The Justice Department today blocked Texas’s new voter ID law, which is among the toughest in the country, under Section 5 of the Voting Rights Act, noting that “over 600,000 registered voters do not have either a driver’s license or personal identification card issued by [the Department of Public Safety]—and that a disproportionate share of those registered voters are Hispanic.”
The data provided by the state of Texas on two different occasions shows that Hispanic voters are more likely than white voters to lack the ID now required to cast a ballot. The law was clearly intended to benefit Republicans; for example, a handgun permit is considered an acceptable form of ID but a university ID is not.
That really says something about what the state of Texas values.
For those voters who lack the proper ID, obtaining the correct documentation can be a difficult task. Texas is required to provide a free ID to voters, but an applicant must possess supporting documentation in order to qualify. “If a voter does not possess any of these documents, the least expensive option will be to spend $22 on a copy of the voter’s birth certificate,” DOJ writes. That expenditure can be rightly construed as a poll tax, which the Voting Rights Act of 1965 prohibited.
Moreover, getting that ID from the DMV is not as easy as you’d think. Hispanics in Texas are twice as likely as whites to not have a car. There are DMV offices in only eighty-one of the state’s 254 counties. Not surprisingly, counties with a significant Hispanic population are less likely to have a DMV office, while Hispanic residents in such counties are twice as likely as whites to not have the right ID. “During the legislative hearings, one senator stated that some voters in his district could have to travel up to 176 miles roundtrip in order to reach a driver’s license office,” wrote DOJ.
So, you get a "free" ID, but the cost of obtaining that free ID is pretty high. Paying for a pricey birth certificate, and taking the time off from work to travel hundreds of miles to the DMV is expensive. It seems likely that it's intended to keep folks from getting the "free" ID.
The state hasn't publicized the new law to make voters aware of it, nor have they trained poll workers to handle the changes brought about by the new law.
Meanwhile, the push for Voter ID laws continues around the country. The legislatures in Pennsylvania, Virginia, and NH will all be voting soon on ID laws.
And just to point this out, while Texans can used a concealed handgun permit as an ID at the voting booth, that's not cheap either:
A new permit costs $140, discounted to half price ($70) for seniors and the indigent.

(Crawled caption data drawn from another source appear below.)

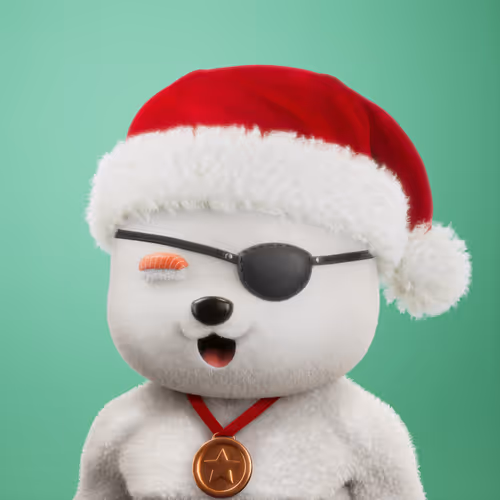 3D Bear #9540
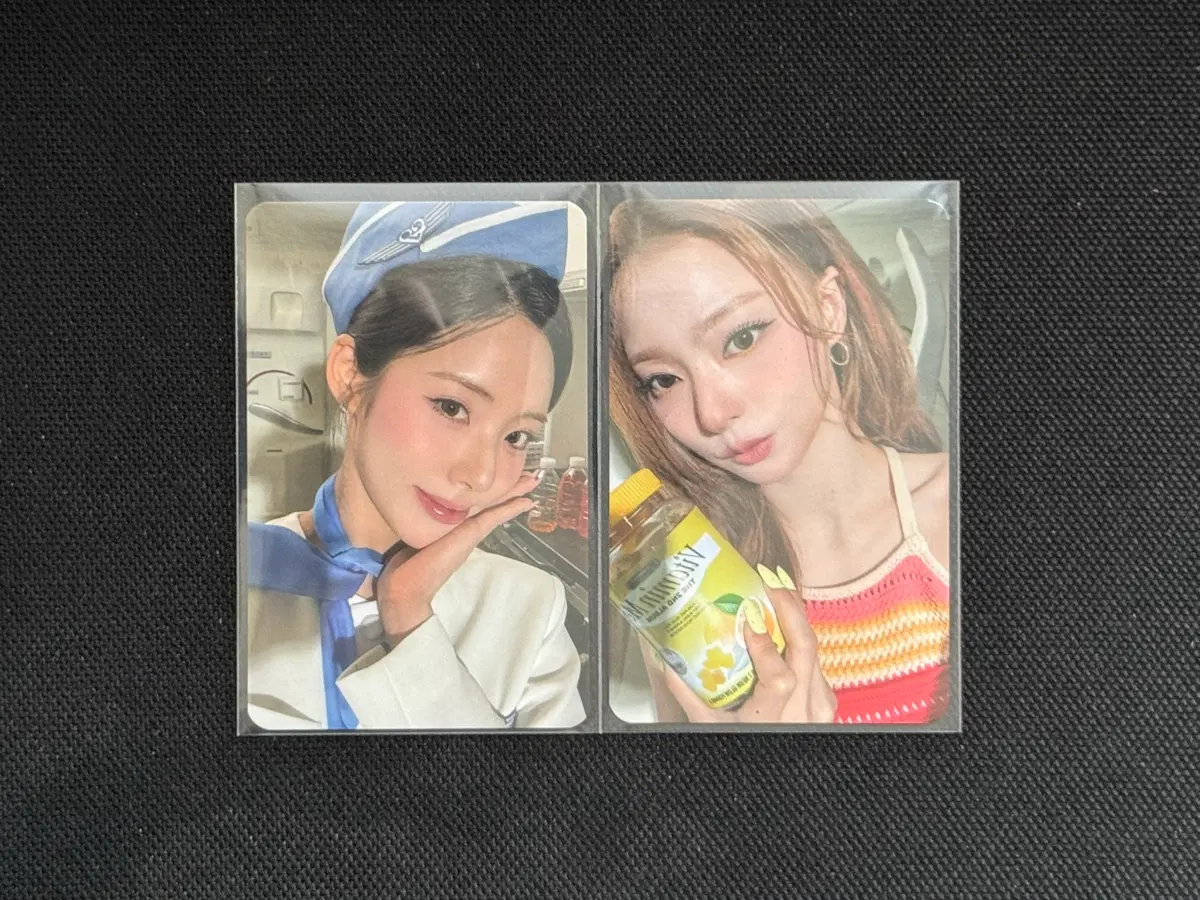 프로미스나인 Vitamin ME 공방 2주차 포카 지원 나경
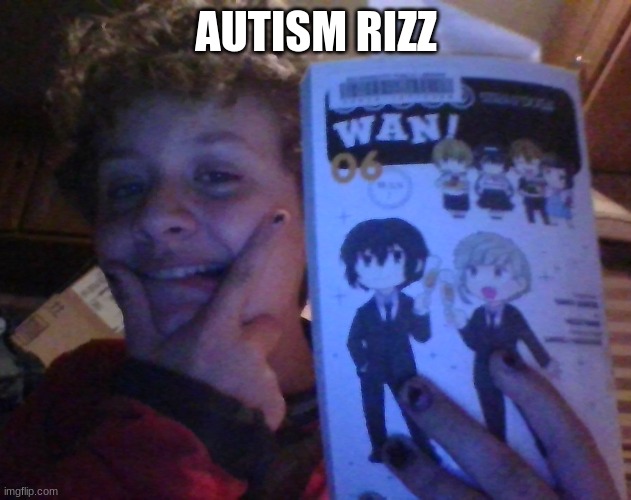 AUTISM RIZZ | made w/ Imgflip meme maker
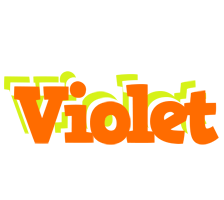 Violet healthy logo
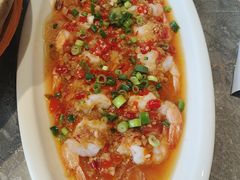 蒜蓉粉丝蒸蝴蝶虾-1937青岛老味道·海肠捞饭·青岛菜(大鲍岛栈桥店)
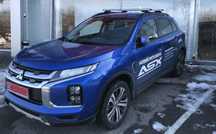 Нові Аеродинамічні поперечини на Mitsubishi ASX 10 +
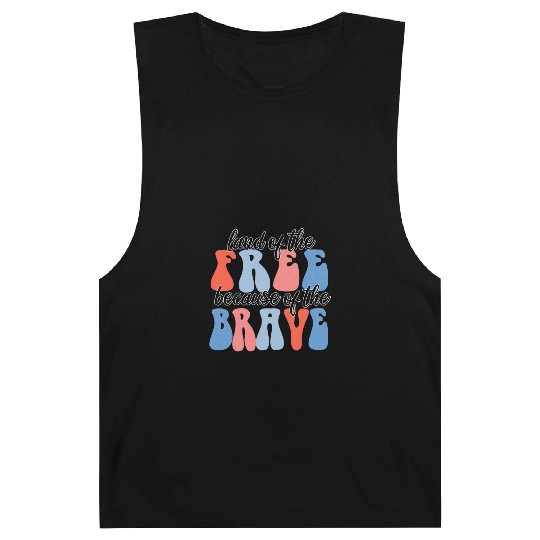 land of the free because of the brave Barnard Tanks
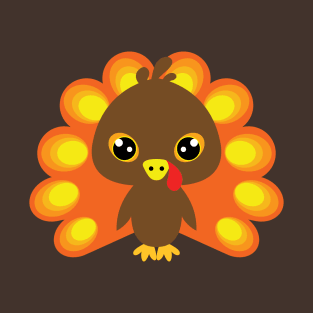 🦃  Cute little turkey boy T-Shirt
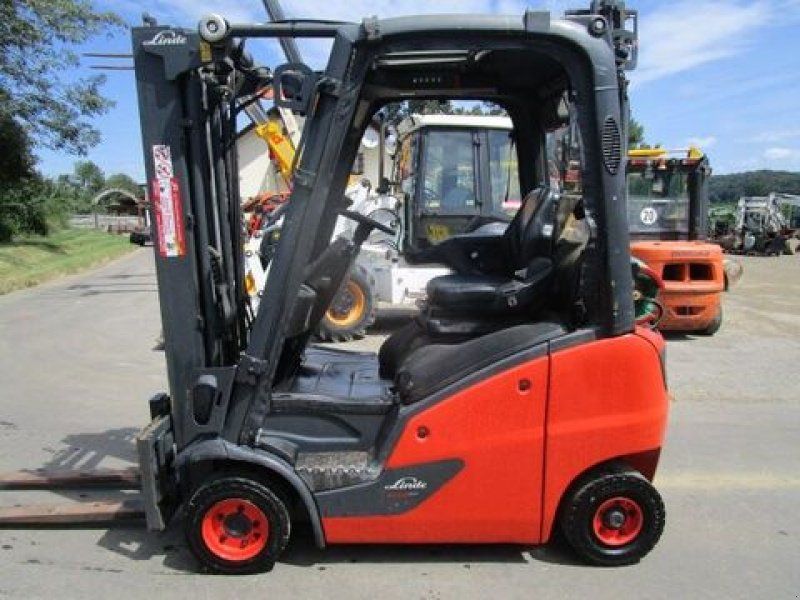 Linde H14T GAS Tripl-FH 4,60m + Seitenschieber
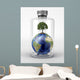 Planet Earth with Tree Wall Decal Design 2
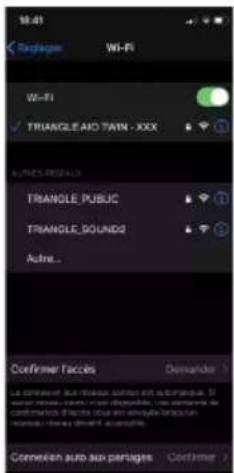 TRIANGLE AIO TWIN - INSTALLATION Wi-Fi - 3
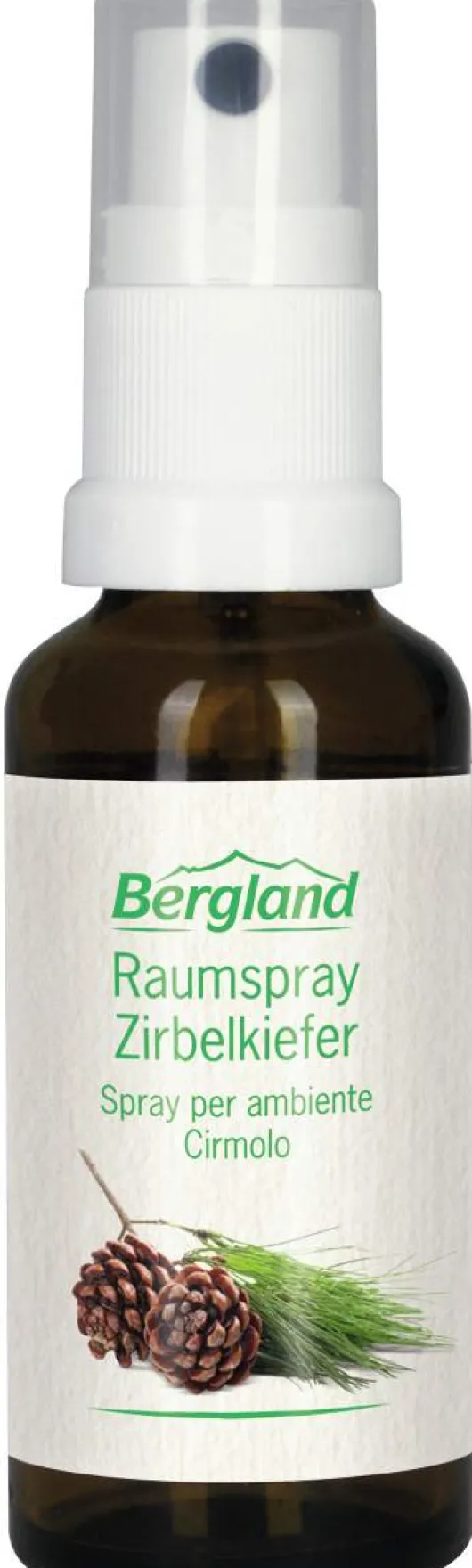 Bergland Raumspray Zirbelkiefer 30 ml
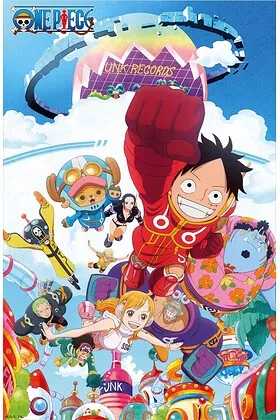 PUNK RECORDS POSTER 3D ONE PIECE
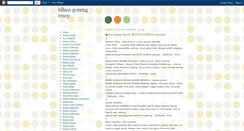 Desktop Screenshot of bihun33goreng33resep.blogspot.com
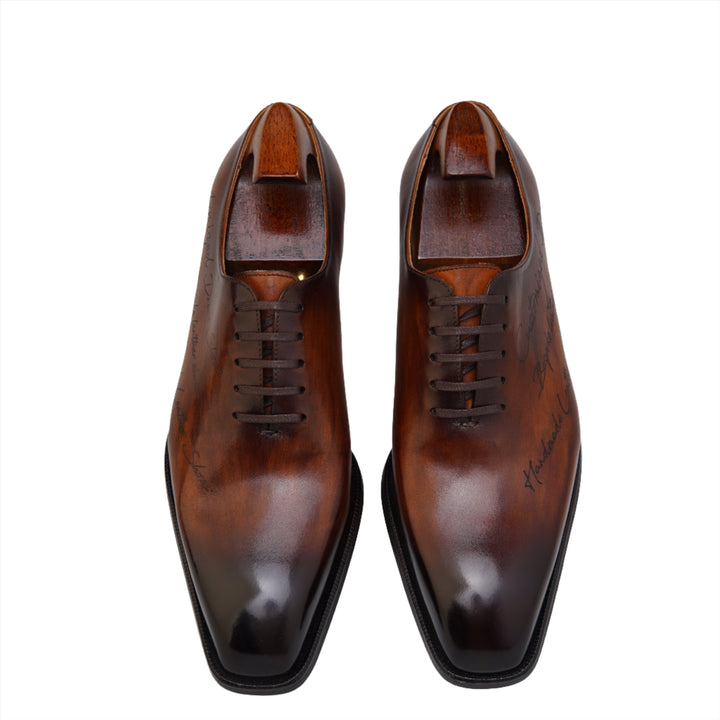 MenStyleWith Flex Leather Oxford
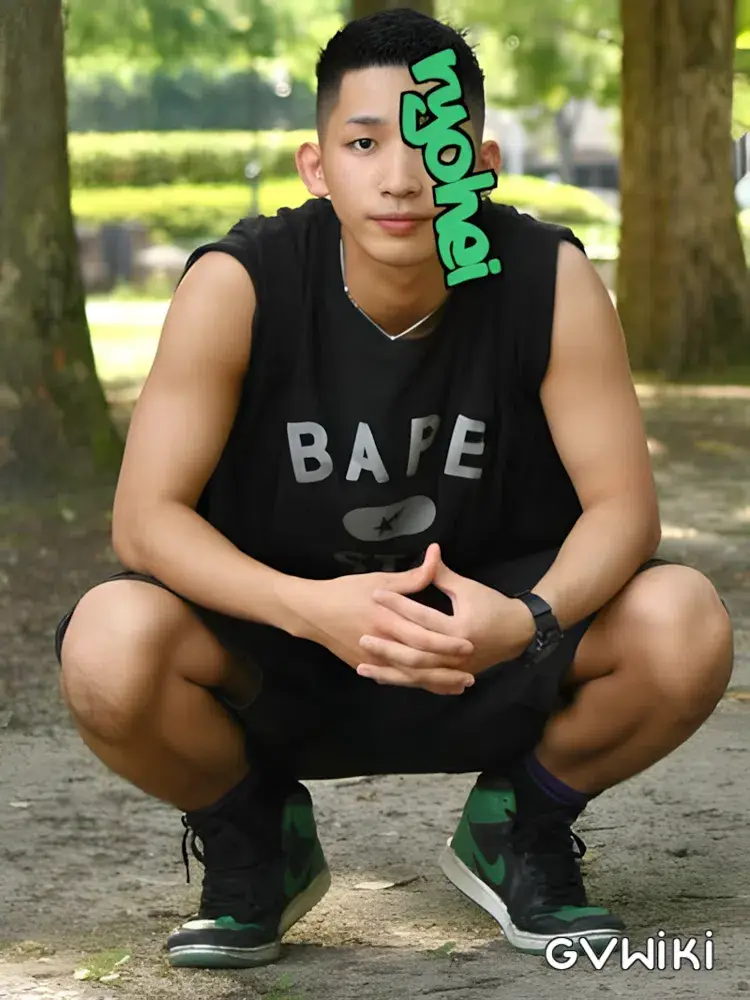 巨根さわやかスジ筋スポーツ系イケメン!19歳!-3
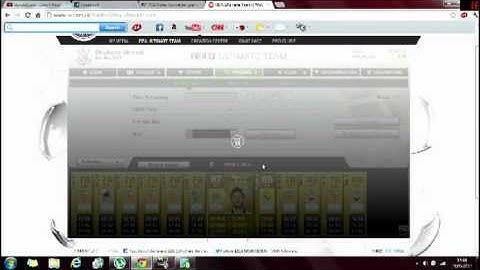 FIFA 13 Ultimate Team Web App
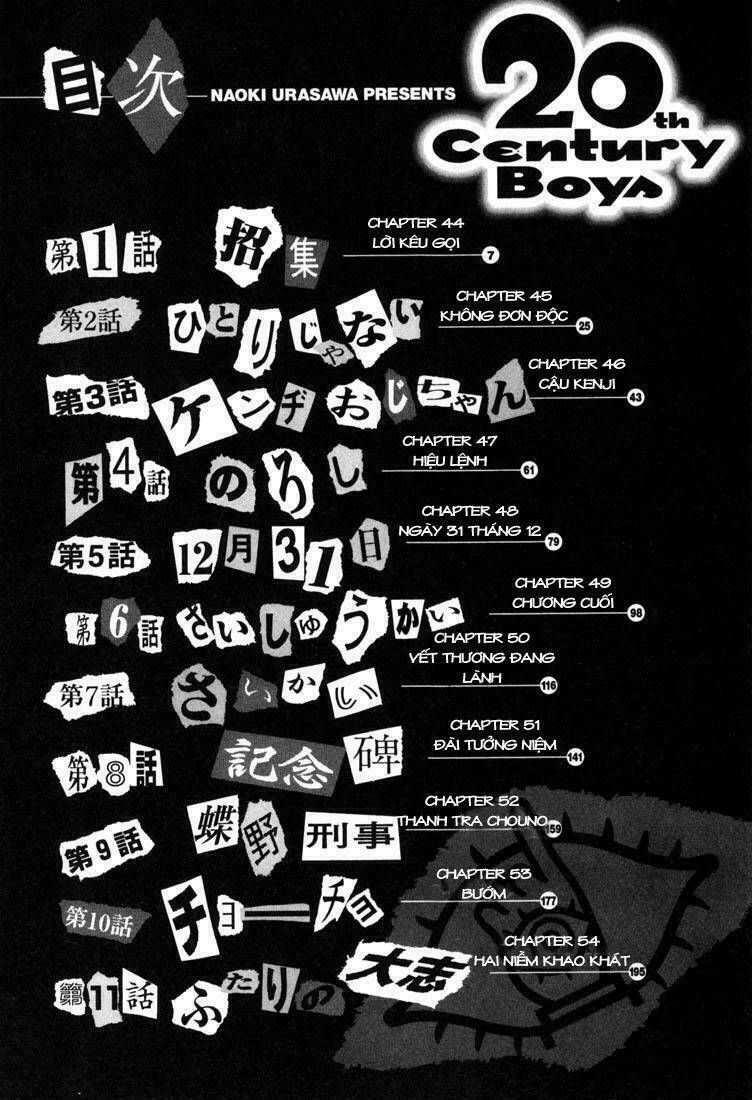 những chàng trai thế kỉ 20 chapter 44 4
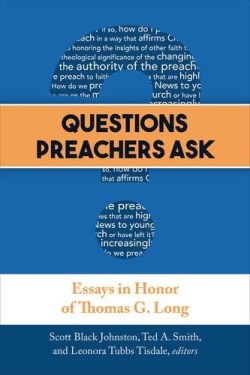 9780664261719 Questions Preachers Ask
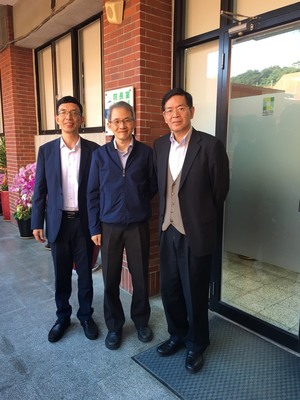 澳門科技大學副校長兼商學院院長林志軍教授(右)來訪中山管院圖片
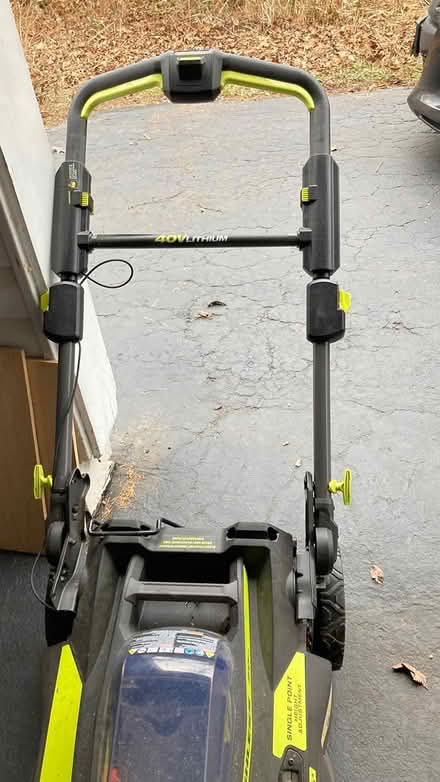 Photo of free Electric lawnmower (Lake Cook and Rte 41) #1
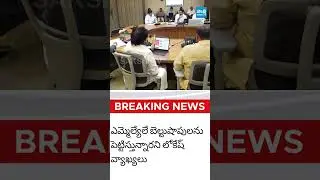 దొంగలు మా వాళ్లే... #naralokesh #chandrababu #fakeliquorissue #tdp  #sakshitvlive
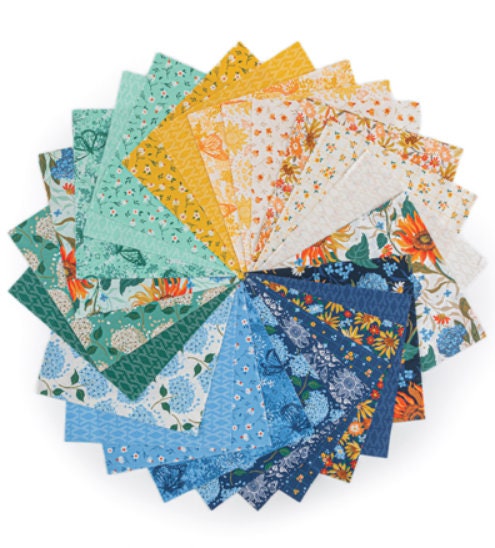 Sundance Charm Pack - Crystal Manning - Moda Fabrics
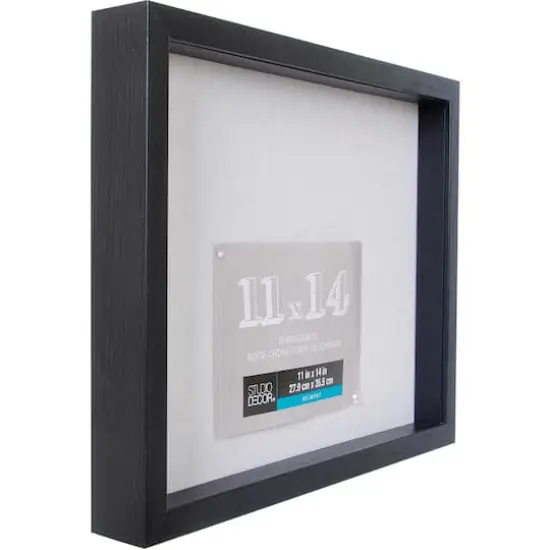 Black Belmont Shadow Box by Studio D&eacute;cor&reg; {5}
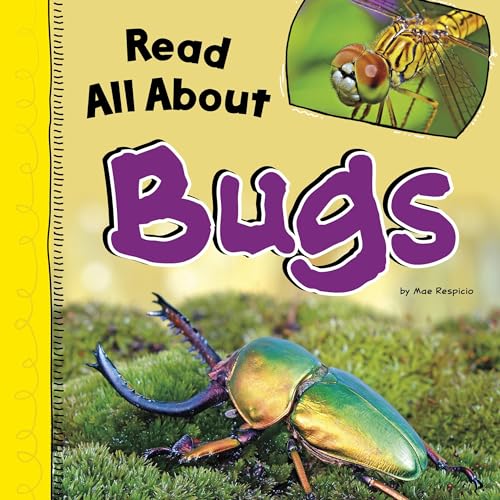 Cover of Read All About Bugs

cross-posted at MainSt/workingamerica.org
1 comment:
Viagra and guns being the religion of the GOP share quite Freudian values. And their loud denials of racism prove them to be admissions of fact. This nation is returning itself to the covered oxwagon and war against all that which isn't white, pregnant and underage. It's wise to give up space exploration at this juncture, since we still haven't come to terms with the earth being flat. As for voting, well, women shouldn't be doing that either, isn't that what this is really about? Women and those who are not white like us.